Türkiye kasımdan itibaren iki haneli enflasyonlar görecek
İleri Haber
Türkiye İstatistik Kurumu (TÜİK); ekim ayı enflasyon rakamlarını açıklarken, tüketici fiyatları aylık yüzde 2, yıllık bazda 8,55 olarak gerçekleşti.
TÜİK tarafından açıklanan enflasyonun tek haneli olması tartışma yaratırken, söz konusu rakamları İktisatçı Mustafa Sönmez ile konuştuk.
‘TÜRKİYE KASIMDAN İTİBAREN İKİ HANELİ ENFLASYONLAR GÖRECEK’
Tek haneli enflasyonun ‘baz etkisi’nden kaynaklandığını belirten Sönmez, ”Yüzde 8.55’lik enflasyon sürpriz değil çünkü geçen yılın ekim enflasyonu yüksekti. Bu baz etkisi dediğimiz geçen yılın yüksek enflasyonuyla, bu yılın ekim ayının enflasyonunu karşılaştırınca böyle bir rakam çıkıyor. Bu aritmetik bir hadise ve kendi içinde de bir anlamı yok. Ama ekim ayında yüzde 2 enflasyon gelmesi, sadece aylık olarak kendi başına cok ciddi bir hadisedir. Şimdi kasımdan itibaren Türkiye tekrar iki haneli enflasyonlar görecek. Çünkü geçen kasımın enflasyonu, eylül ve ekime göre daha küçük gelmişti, dolayısıyla bizim yeni baştan iki haneli enflasyonlar yüz yüze gelmemiz kaçınılmaz.” dedi.
‘BAKILMASI GEREKEN ASIL VERİYİ TÜİK ÖNE ÇIKARMIYOR’

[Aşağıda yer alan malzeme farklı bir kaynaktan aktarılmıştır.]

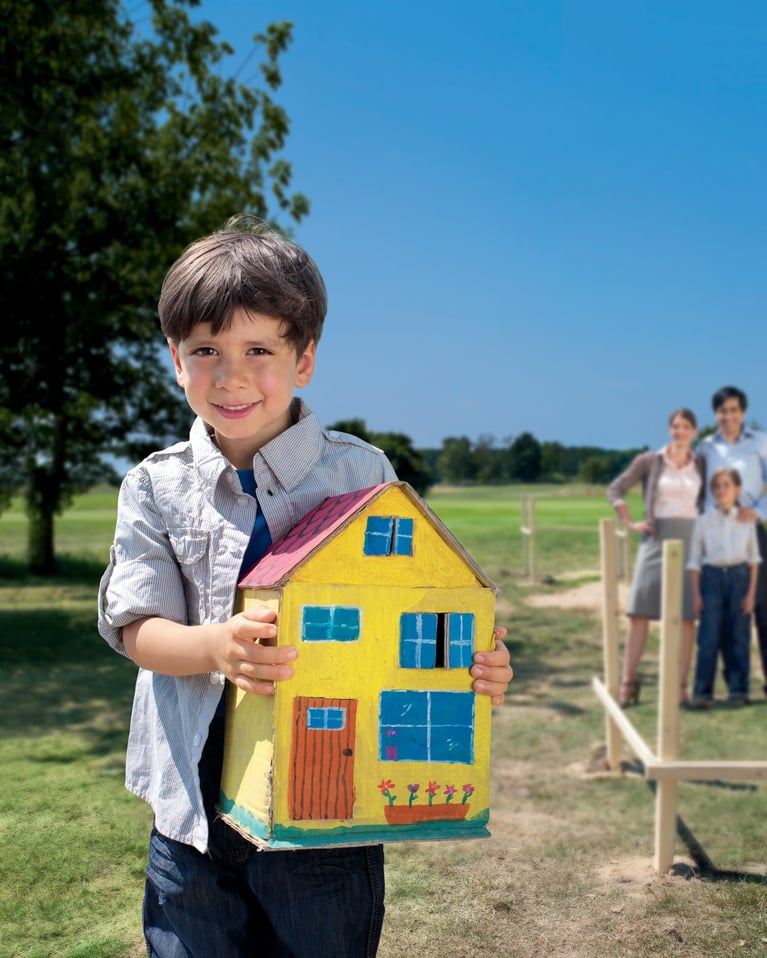 Boy_holding_house_model-boy.jpg
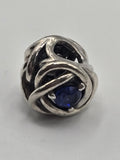 Pandora Openwork Knot Charm with Blue Stone on a plain light background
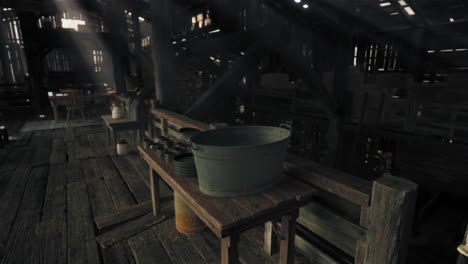 rustic barn interior with wooden table and metal bucket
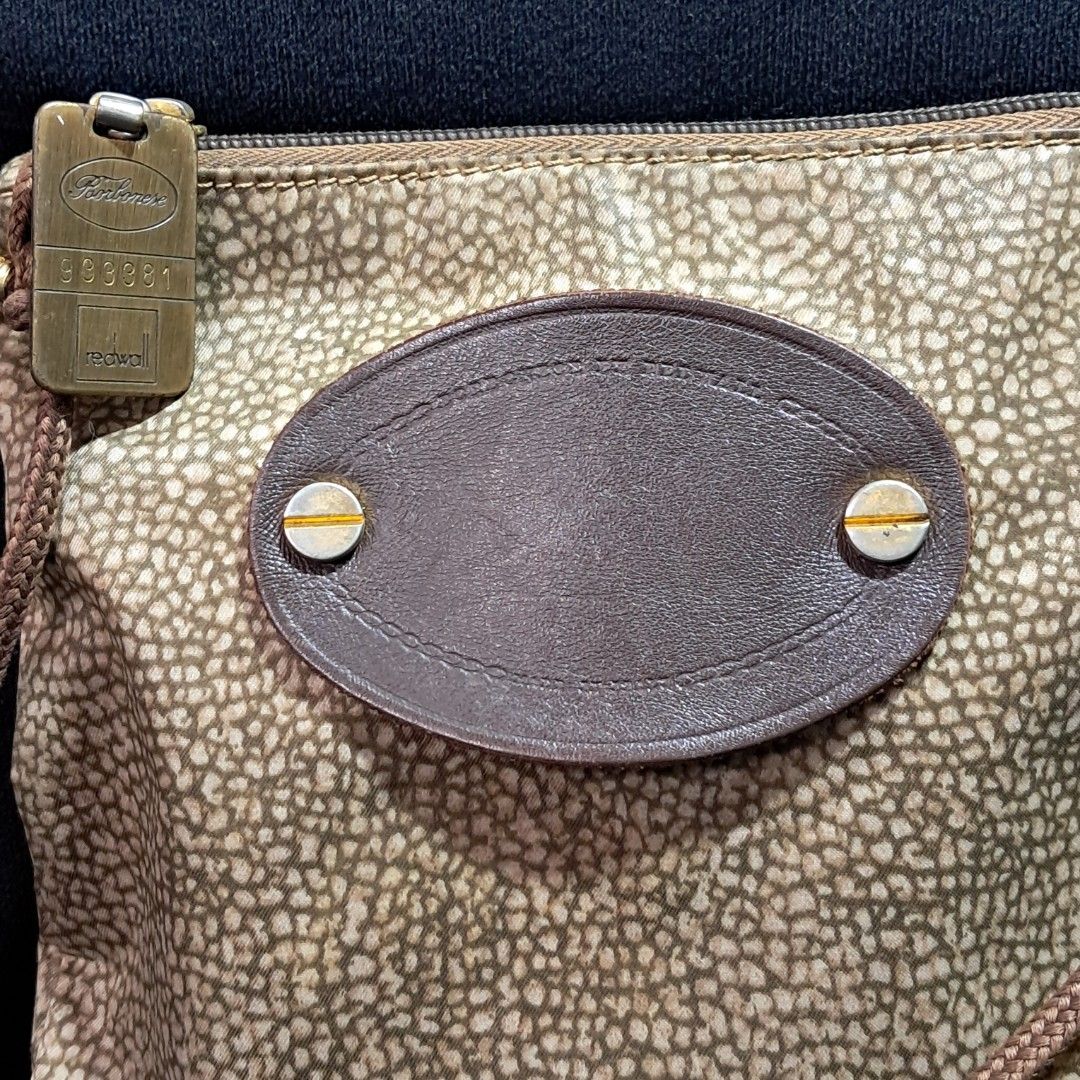 Authentic Vintage Borbonese Redwall Crossbody Bag (Category: Luxury Bags & Wallets) located in Butuan. Submitted by fabchichub (Listing ID 1461344925, Image 2). Description: ✨ Authentic Vintage Borbonese by Redwall Crossbody Bag ✨ Selling this rare, classic piece featuring the iconic "Occhio di Pernice" (partridge eye) textured pattern in brown/tan suede. Made in Italy, this is a premium vintage find perfect for collectors and everyday style. Bra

Sönmez, ”Harcamalar artarken enflasyon nasıl düşüyor?” sorusunu da yanıtladı:
”Bu aritmetiksel bir şey. Burada doğru olan bir başka veriye bakmak ama onu hem TÜİK onu yeterince öne çıkarmıyor, hem de yorumcular dikkate almıyorlar. Doğru olan her ay yaşanan enflasyonun on iki aylık ortalamasıdır. Ona baktığımızda yüzde 16 buçuk gibi bir enflasyon söz konusu. Esas olan, faturalara yansıyan, insanların yaptığı harcamalardır ki bu da 400 küsur maddenin ortalamasıdır. Sokaktaki insanın dikkat ettiği enflasyon, gelirini de dikkate alarak fark ettiği bir enflasyondur. Yani insanların gelirleri bir yılda yüzde 16 buçuk artmadı ama her şeyin fiyatı ortalama olarak yüzde 16 buçuk arttı. Dolayısıyla geliriniz artmadığı takdirde bunu tabi ki derinden hissedersiniz. Yani gideriniz artmıyor ya da yüzde 3-4 artıyor ama fiyatlar yüzde 16 artıyor. O zaman bunu çok daha derinden hissedersiniz. Bu doğrudan doğruya bir algı ve yorum meselesidir.”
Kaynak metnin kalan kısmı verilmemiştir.